### Exercise
Below are records to retype exactly, except for the pictures.

### Record set
########

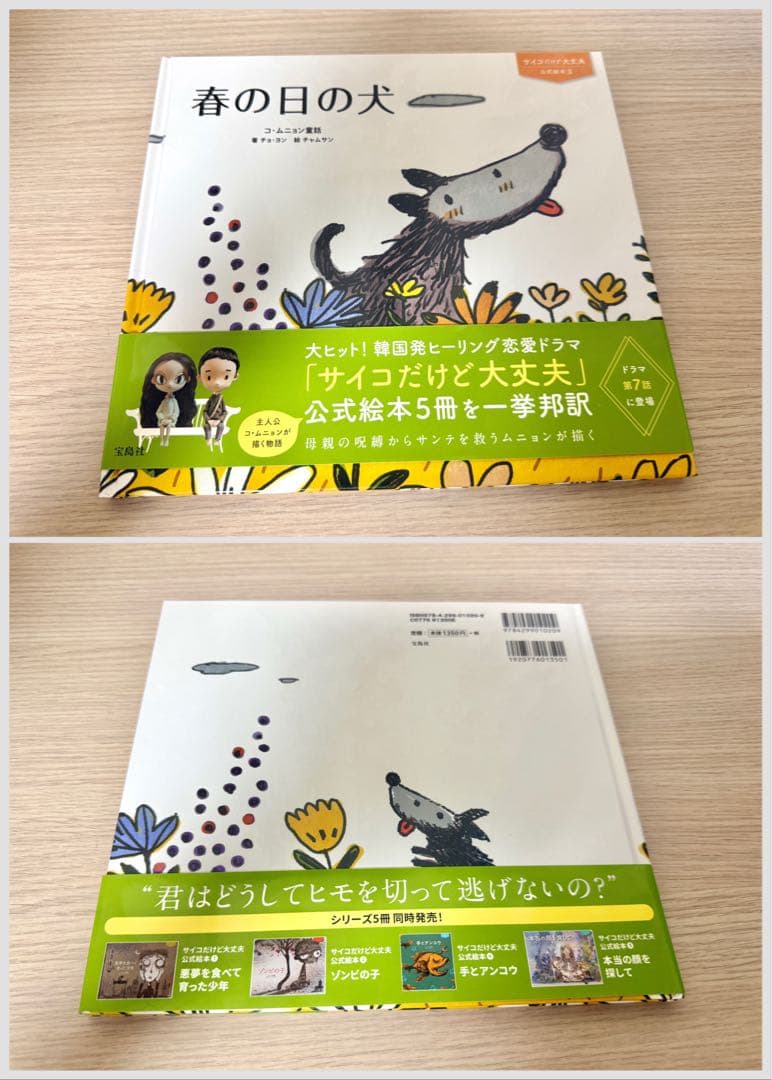 『 サイコだけど大丈夫 』 公式絵本 日本語訳5冊セット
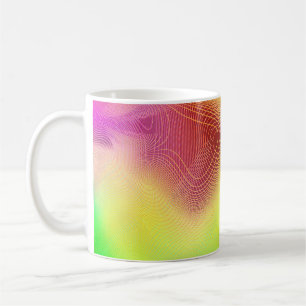 abstract blur background. multicolored graphic pat coffee mug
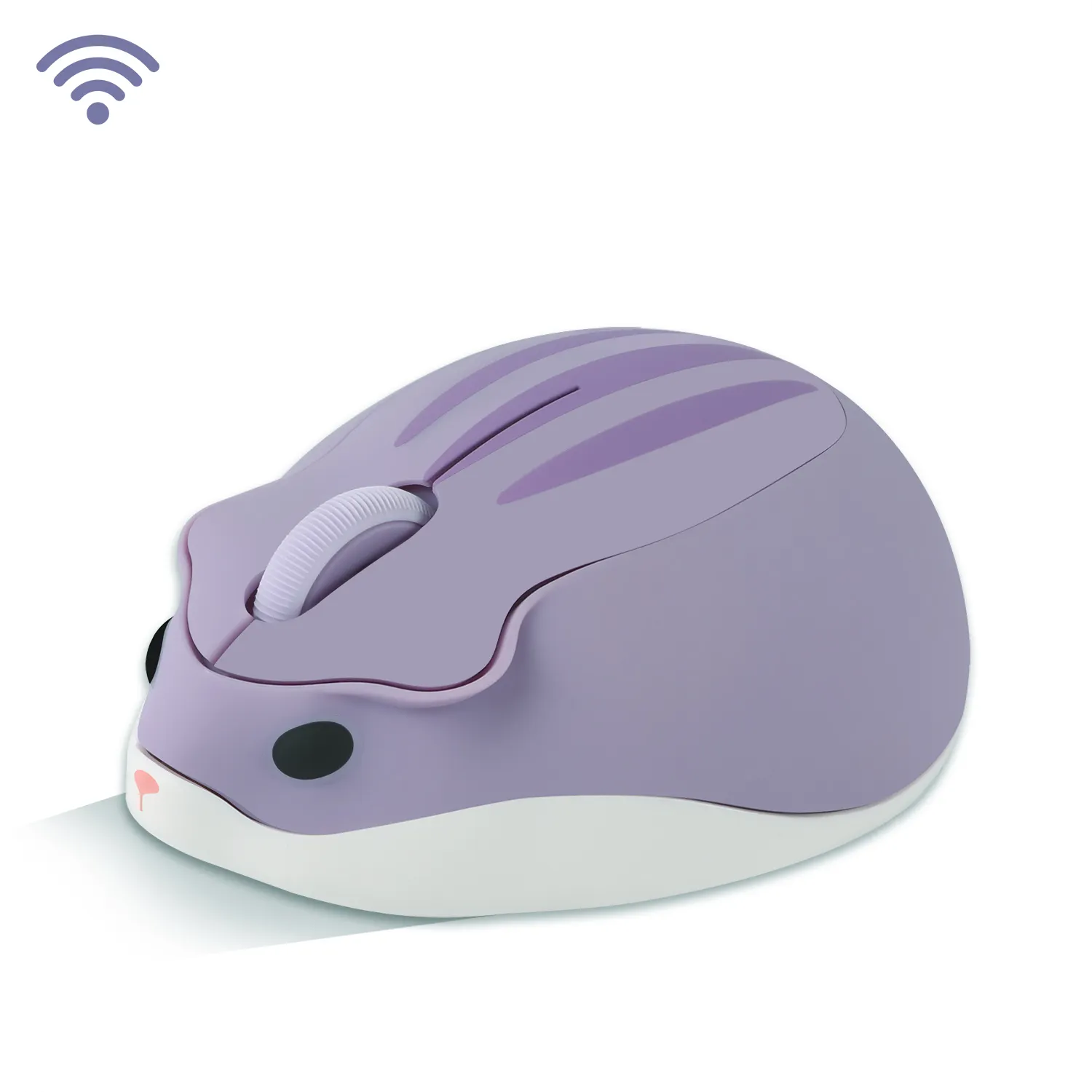 Ratón óptico inalámbrico para ordenador, Mouse de plástico con dibujos animados, USB, para Mac, portátil, Windows, negro, rojo y azul, 2 y 4G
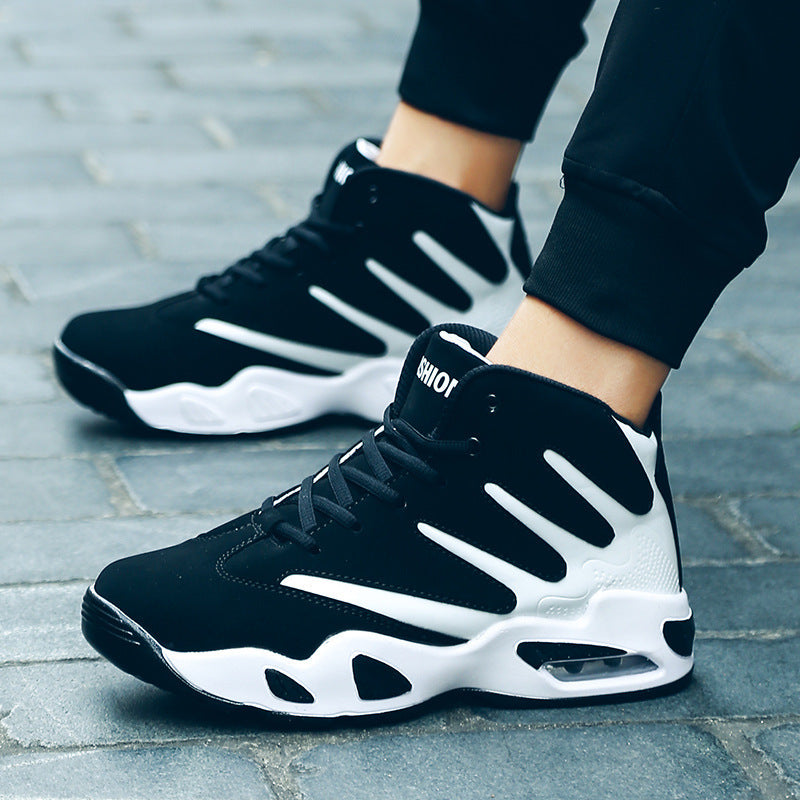 Men’s Air Cushion Basketball Shoes – Wear-Resistant High-Top Sneakers for Training and Everyday Play LONDYN UPBRINGING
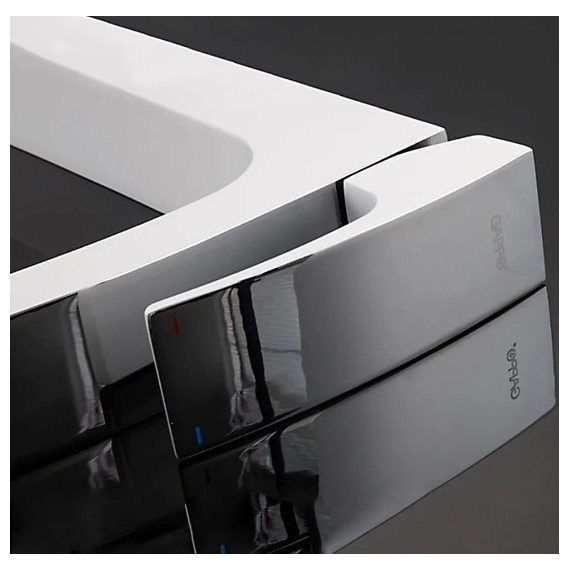 Смеситель для раковины высокий Gappo Jacob G1007-18, белый/хром - фото 6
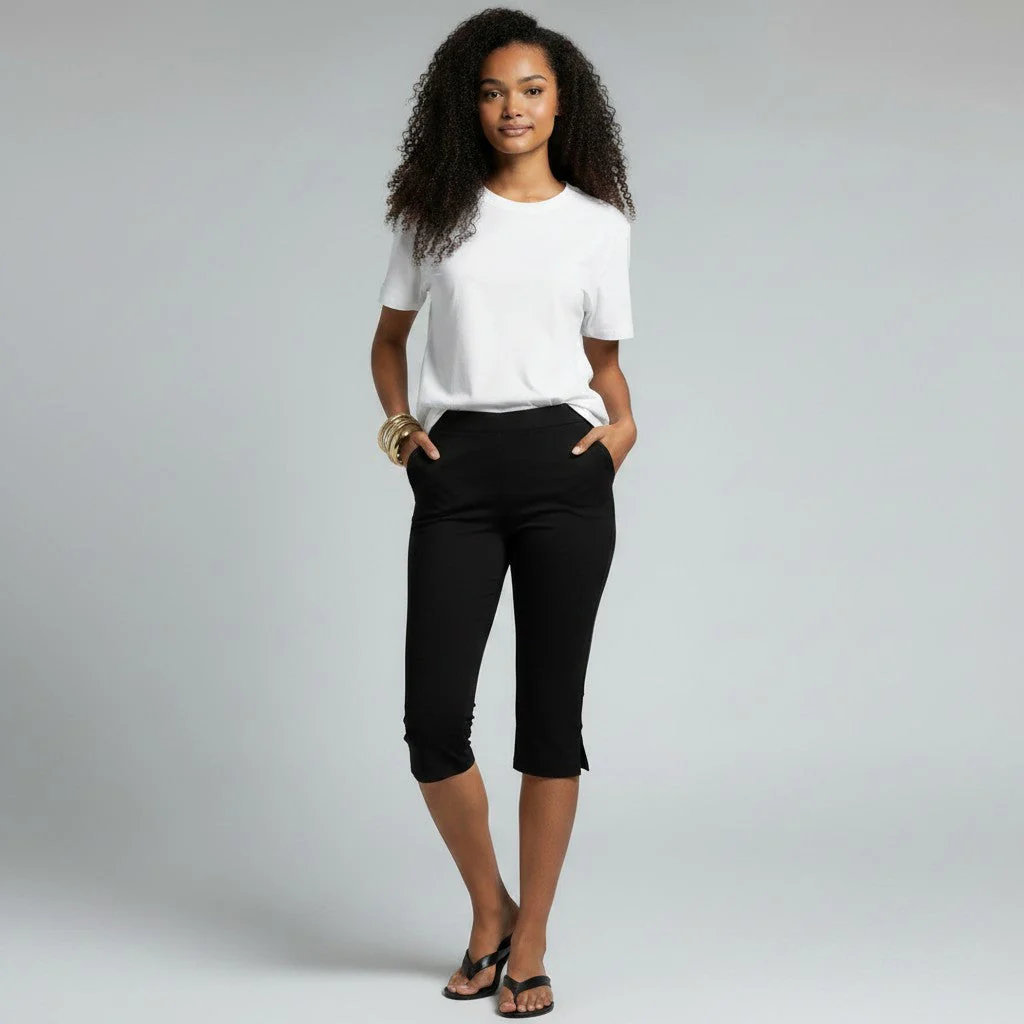 Pantacourt femme incontournable – Pantalon capri confortable et tendance - Image 3
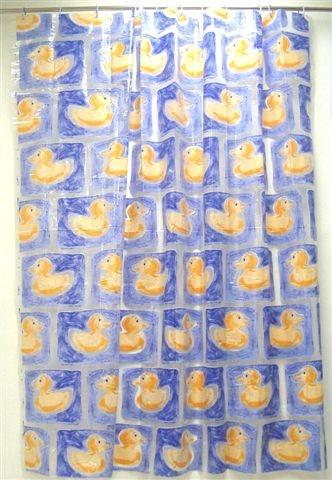 Hong Kong Duck Design PVC Shower Curtain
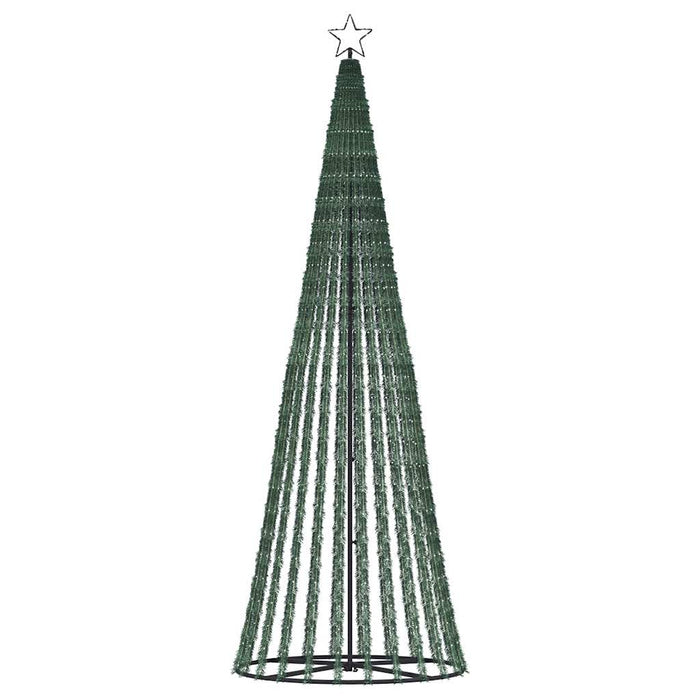 Christmas Tree Light Cone 475 Leds Cold White 250 Cm Abolalx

########

### Reply
 『 サイコだけど大丈夫 』 公式絵本 日本語訳5冊セット
 abstract blur background. multicolored graphic pat coffee mug
 Ratón óptico inalámbrico para ordenador, Mouse de plástico con dibujos animados, USB, para Mac, portátil, Windows, negro, rojo y azul, 2 y 4G
 Men’s Air Cushion Basketball Shoes – Wear-Resistant High-Top Sneakers for Training and Everyday Play LONDYN UPBRINGING
 Смеситель для раковины высокий Gappo Jacob G1007-18, белый/хром - фото 6
 Pantacourt femme incontournable – Pantalon capri confortable et tendance - Image 3
 Hong Kong Duck Design PVC Shower Curtain
 Christmas Tree Light Cone 475 Leds Cold White 250 Cm Abolalx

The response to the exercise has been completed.